To musiało zaboleć. Oto co PiS usłyszał od swoich sojuszników z nowego czeskiego rządu nt. Turowa
Nowy czeski rząd miał spojrzeć na spór z Polakami o kopalnię Turów zdecydowanie przychylniej niż poprzednicy. Nie na darmo nowa władza w Pradze stoi w jednym szeregu z PiS w Parlamencie Europejskim. Teraz wychodzi na to, że w ten sposób kreślony przez polski rząd plan dalszych negocjacji z naszymi południowymi sąsiadami pasuje do rzeczywistości, jak pięść do nosa.

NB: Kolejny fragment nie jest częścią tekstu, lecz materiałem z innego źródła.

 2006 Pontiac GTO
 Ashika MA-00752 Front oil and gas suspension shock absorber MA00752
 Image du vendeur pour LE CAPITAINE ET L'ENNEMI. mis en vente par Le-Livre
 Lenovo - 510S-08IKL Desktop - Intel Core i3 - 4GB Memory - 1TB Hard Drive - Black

Na początku polski rząd pretensje Czechów o kopalnię w Turowie traktował jako element gry politycznej.
Tam będą wybory i to taka populistyczna gra z wyborcą
– słyszeliśmy.
A gdy już Czesi przekazali władzę prawicowo-konserwatywnej partii ODS, sojusznikom PiS-u w Parlamencie Europejskim, miało być z górki. A tu zaskoczenie, bo Praga wcale nie odpuszcza.
Polska miała się postawić, postraszyć Czechów sądem arbitrażowym i przede wszystkim nie zapłacić tyle, ile chcieli, ale znacznie mniej. Koniec końców Anna Moskwa, minister klimatu i środowiska, przedstawiła Czechom polską wersję międzyrządowego porozumienia, której podstawowym elementem jest wycofanie skargi z TSUE. Ale Pragi to najwyraźniej nie przekonało, bo Czesi właśnie usztywnili stanowisko.

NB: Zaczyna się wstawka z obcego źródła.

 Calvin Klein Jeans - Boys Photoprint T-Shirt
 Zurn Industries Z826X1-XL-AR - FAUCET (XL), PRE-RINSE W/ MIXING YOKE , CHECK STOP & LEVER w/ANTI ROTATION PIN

Turów: Polskę i Czechy dzielą pieniądze i czas
Ale to wcale nie znaczy, że czesko-polskie porozumienie w sprawie kopalni Turów jest na wyciągnięcie ręki. Okazuje się, że nasi południowi sąsiedzi nie chcą mniej niż wczeniej i tym samym wracają stare – wałkowane w trakcie 18 rund negocjacji – różnice między Pragą i Warszawą.

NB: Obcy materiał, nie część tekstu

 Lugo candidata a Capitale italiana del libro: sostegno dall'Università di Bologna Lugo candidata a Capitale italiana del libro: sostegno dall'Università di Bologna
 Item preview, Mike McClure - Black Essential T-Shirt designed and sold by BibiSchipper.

Jak podała agencja prasowa CTK, Czesi w swojej najnowszym projekcie umowy żądają od Polski wypłacenia odszkodowania w wysokości 50 mln euro – dokładnie tyle samo, ile na samym początku awantury o Turów. Polska zaś w ostatnim czasie zaproponowała o 20 proc. mniej, czyli 40 mln euro.
To niejedyna rozbieżność. Wraca bowiem spór o czas trwania umowy. Już wcześniej obie strony nie potrafiły się w tej kwestii dogadać. Polska chciała wiązać się w ten sposób z naszymi południowymi sąsiadami jak najkrócej. Złożona na ostatnim spotkaniu propozycja Anny Moskwy mówi o dwóch latach. Ale Czesi nie ufają rządowi PiS i chcą, żeby Trybunał Sprawiedliwości UE miał piecze nad tym porozumieniem przez co najmniej 10 lat.
Coraz większy ciężar kary TSUE
Tymczasem na początku lutego Komisja Europejska wyda ostateczne wezwanie do zapłaty zasądzonej na Polskę kary przez TSUE w sprawie kopalni Turów. Przypomnijmy: Trybunał UE 20 września 2021 r. nałożył na nasz kraj karę w wysokości 500 tys. euro za każdy kolejny dzień niewdrożenia wcześniejszego środka tymczasowego, dotyczącego zamknięcia kopalni Turów. Do tej pory polski rząd deklarował, że nie zamierza płacić ani grosza. Rzecznik KE Balazs Ujvari już poinformował, że w przypadku kiedy Warszawa nie zapłaci dobrowolnie, Komisja sięgnie po te pieniędzy do unijnych funduszy i tam potrąci z polskiej części należną kwotę. Pierwsza transza opiewa na 15 mln euro i 30 tys. euro karnych odsetek.